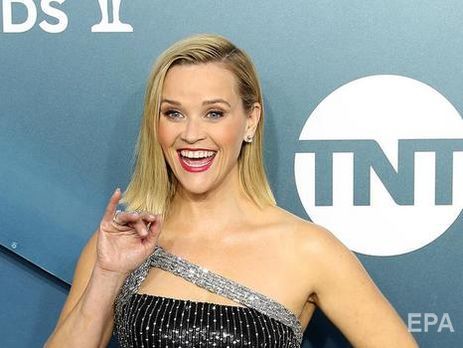 ﻿Роздавання безплатних суконь закінчилося для Візерспун судовим позовом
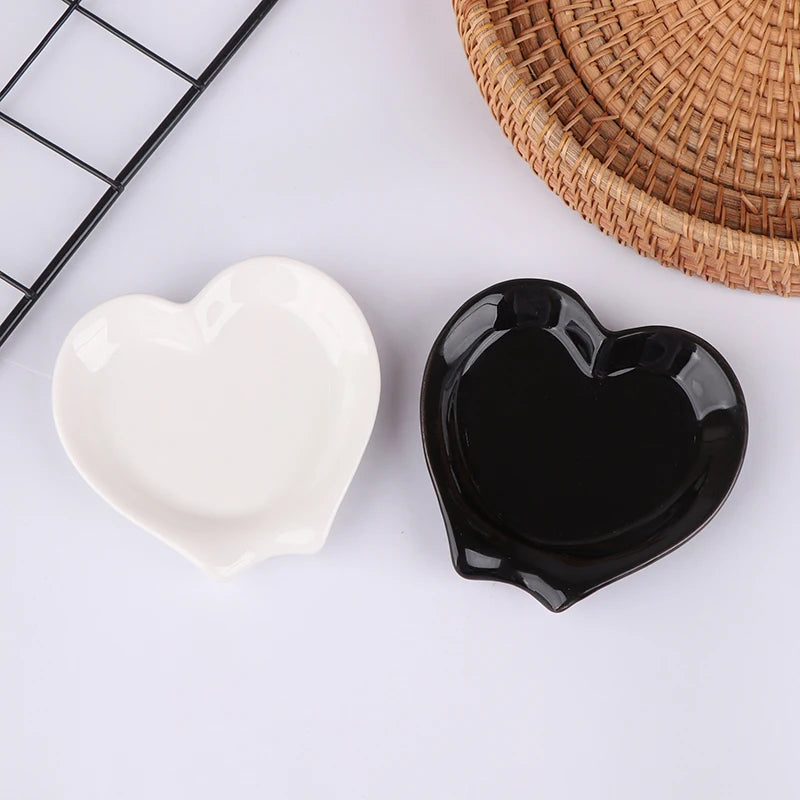 "Heart Ceramic Spoon Rest Pad – Cute Soup Ladle Holder for Utensils & Kitchen Organization"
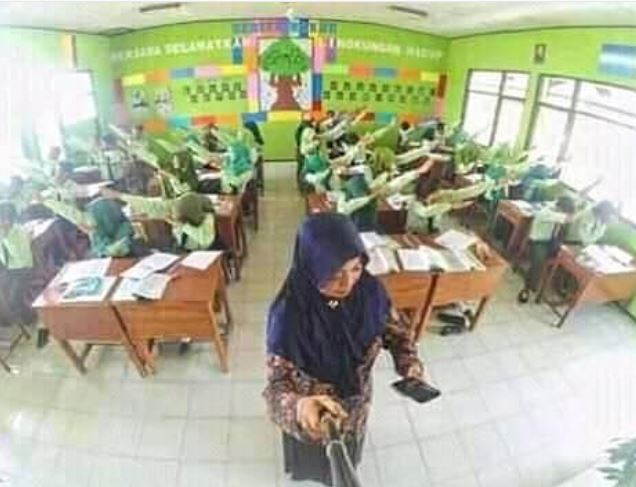 Detail Gambar Siswa Yang Berdoa Dengan Becanda Nomer 5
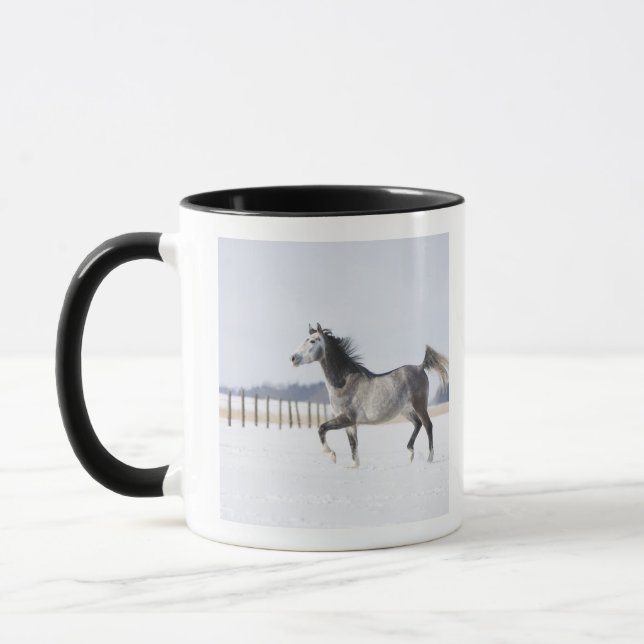 weißes Pferd im Winter Tasse (Links)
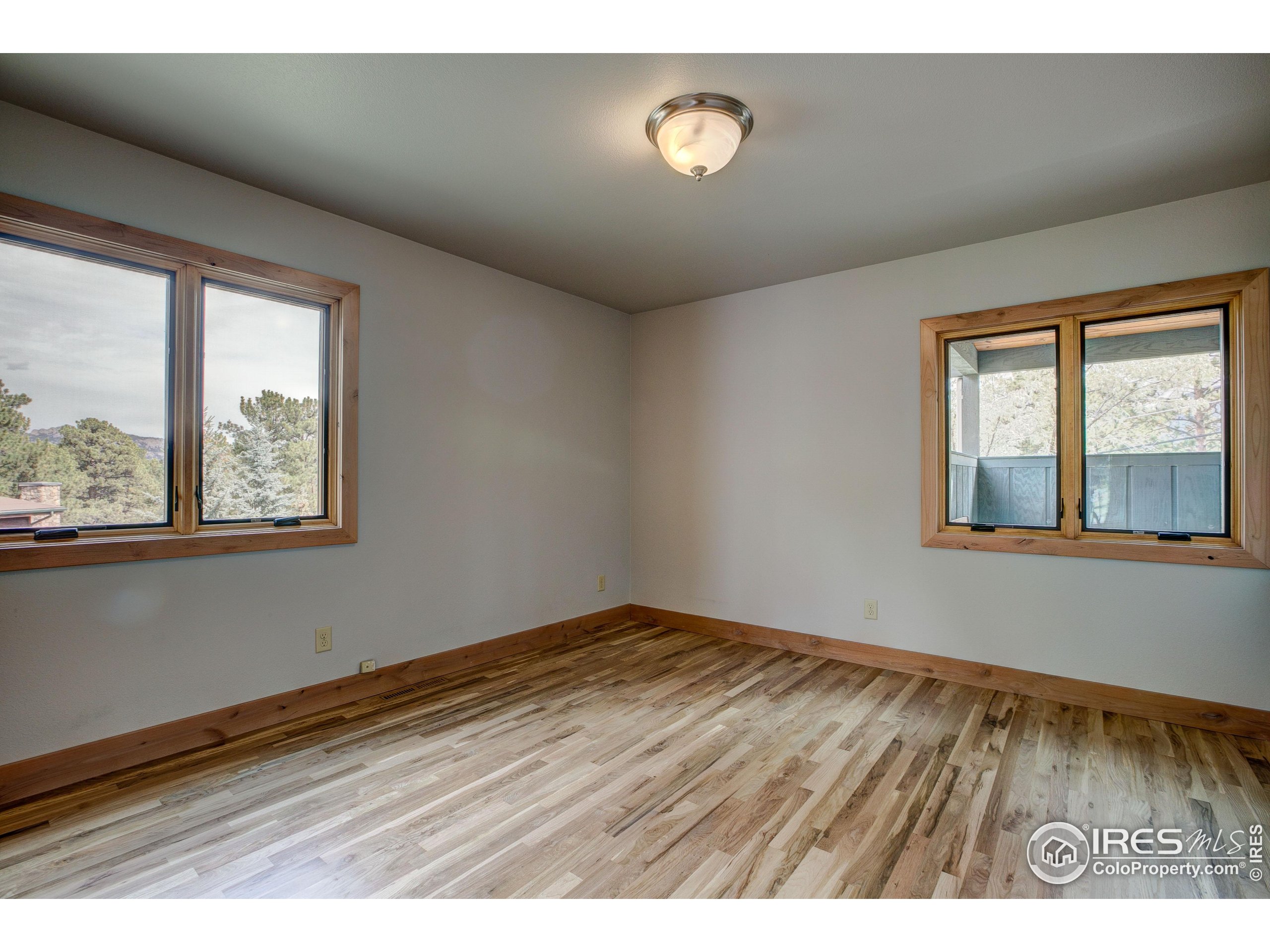 1033 Tranquil Ln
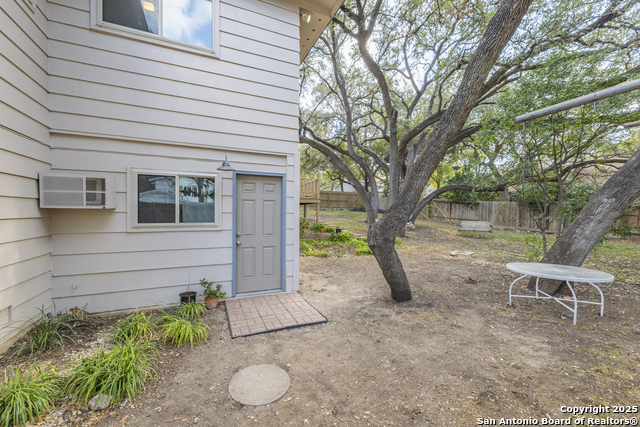 Image 42 of 44 For 630 Patricia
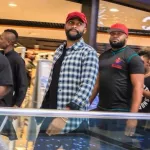 showbiz-une-fin-d-annee-a-la-sauve-fally-ipupa-sur-les-bords-de-la-lagune-ebrie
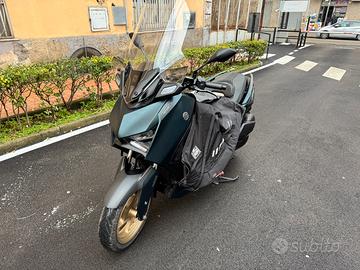 Yamaha XMAX 300 Techmax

EXERCISE DIRECTIONS
With the pictures left out, output the lines from the one containing "weißes Pferd im Winter Tasse (Links)" through the last line of the records above, exactly as they are.

RESPONSE BELOW
 weißes Pferd im Winter Tasse (Links)
 1033 Tranquil Ln
 Image 42 of 44 For 630 Patricia
 showbiz-une-fin-d-annee-a-la-sauve-fally-ipupa-sur-les-bords-de-la-lagune-ebrie
 Yamaha XMAX 300 Techmax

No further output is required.